— Given information —
▼▼▼
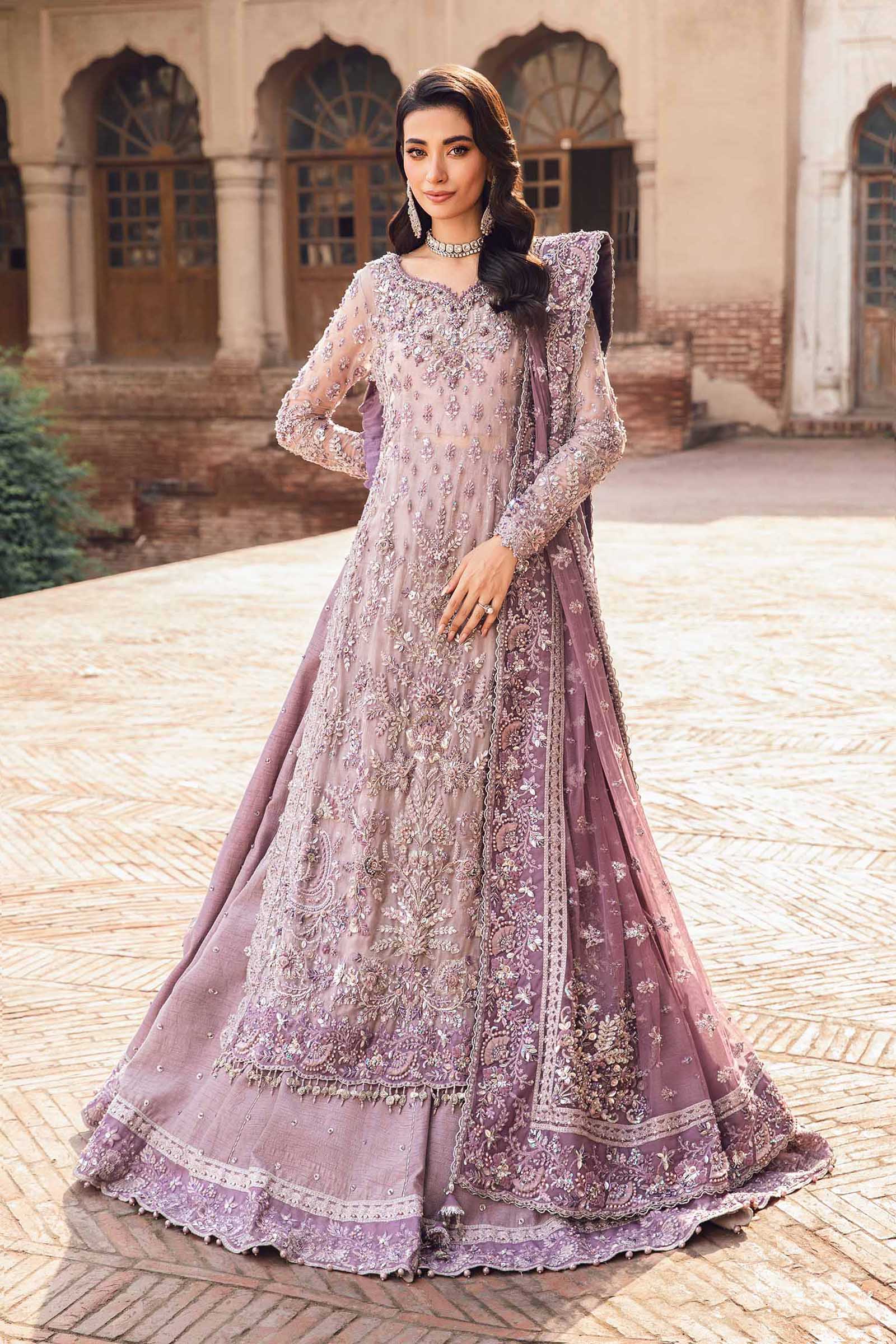 Lilac Hand-Embellished Organza Lehenga (3-Piece) - Image 1
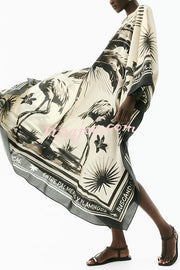 Flora Flamingo Print V-neck Loose Holiday Maxi Dress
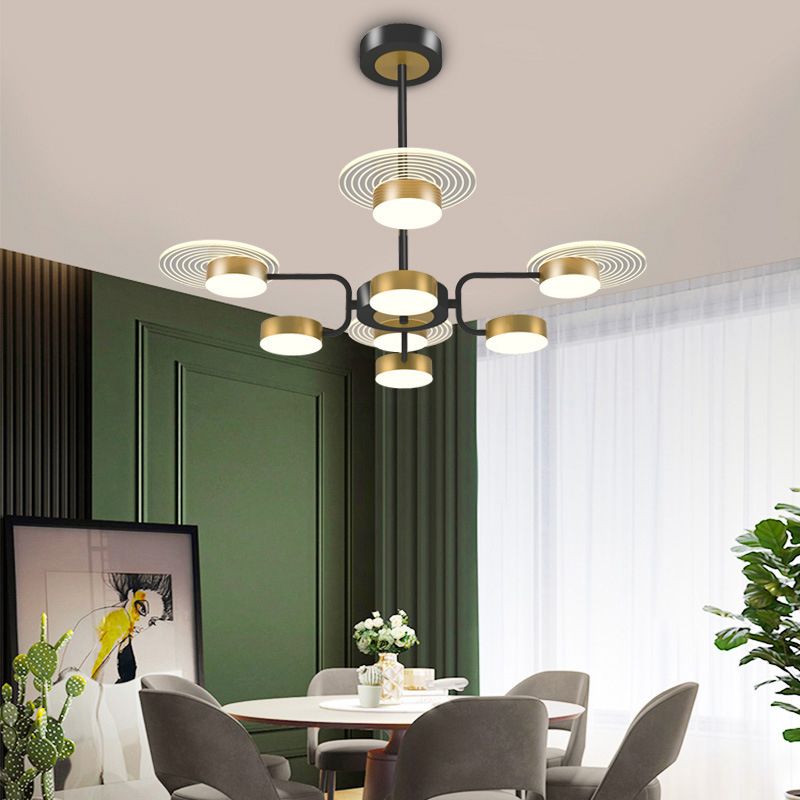 Bloemen woonkamer kroonluchter verlichting acryl minimalistische led hanger lamp in black-gold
▲▲▲
— Problem details —
Quote everything in the listing above exactly; pictures are the only thing to omit.

— Problem solution —
 Lilac Hand-Embellished Organza Lehenga (3-Piece) - Image 1
 Flora Flamingo Print V-neck Loose Holiday Maxi Dress
 Bloemen woonkamer kroonluchter verlichting acryl minimalistische led hanger lamp in black-gold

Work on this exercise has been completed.